SANTA FE, Texas — A Galveston County judge granted the change of venue request Wednesday in the case of accused Santa Fe High School shooter Dimitrious Pagourtzis.
Both the prosecution and defense have been made aware of the decision, and they will back in court May 10 to determine where the trial will be moved.
Pagourtzis is accused of killing eight classmates and two teachers at Santa Fe High School last May.
Some victims' family members broke down when Pagourtzis walked into the courtroom.
“I was looking at him to see if I could see some remorse,” said Sonia Lopez, the mother of a shooting survivor. “And I didn’t get it.”
Survivors and victims’ families agreed changing venue is best.
“We don’t want them to have anything to say in regards to not being a fair trail,” said Lopez, whose daughter Sarah was shot.

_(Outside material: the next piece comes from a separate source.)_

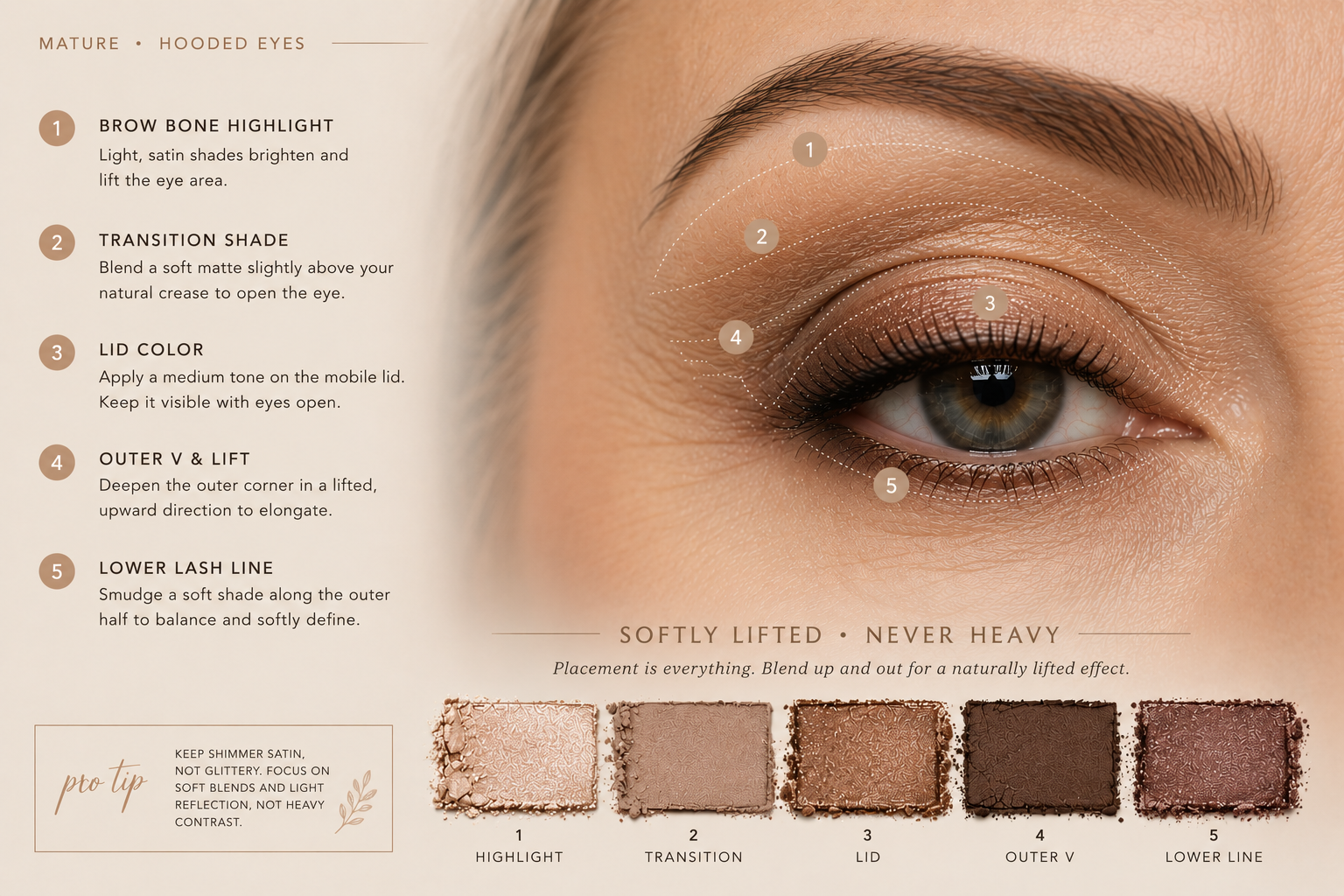 Editorial beauty tutorial showing makeup placement for mature hooded eyes with softly lifted taupe and bronze eyeshadow mapping, refined typography, and elegant neutral magazine styling.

“I was more worried that (the judge) would deny it, which I think would prolong things. So I was satisfied, actually, pretty happy.”
Their pain remains fresh. Eight students and two teachers died during the shooting at Santa Fe High School. Victim families and survivors dread re-living their losses in a trial. Certainly, none want to risk a re-trial.
“I don’t want there to ever be any question on this case,” said Flo Rice, who survived the May 18 shooting. “I believe no matter where it is the outcome will be the same.”
Her husband, Scot, prefers the trial never happens. With no death penalty possible, he wants Pagourtzis’ parents to change the teen’s plea, skip trial and go straight to sentencing.
“Forgo this trial and this torture for the citizens of Santa Fe and Texas and for the families that are going to have to travel and hear the horrible details of this crime," Scot Rice said.
Lopez said it is most important to see justice served. Her family and others plan to travel and hear every day of the potential trial, no matter where it happens.
The suspect's parents also wept when they saw him.
Pagourtzis' attorney asked the judge for a change of venue because he said his client can't get a fair trial in Galveston County.
Defense attorney Nicholas Poehl said there's a smaller jury pool available in Galveston County, so it would be tougher to find jurors who haven't already made up their minds about the case.
They blame bias, in part, on social media comments and even those made by political leaders following the incident.
“This case is the very type of case that is the reason we have a change of venue process in Texas,” said attorney Nicholas Poehl. “Because sometimes you just need to move the case.”
Prosecutors maintained the judge can adequately evaluate potential prejudice when it comes time to pick a jury. They cited other highly publicized cases where trials took place in the jurisdictions in which crimes were committed.
A judge will determine where the trial will be held in May.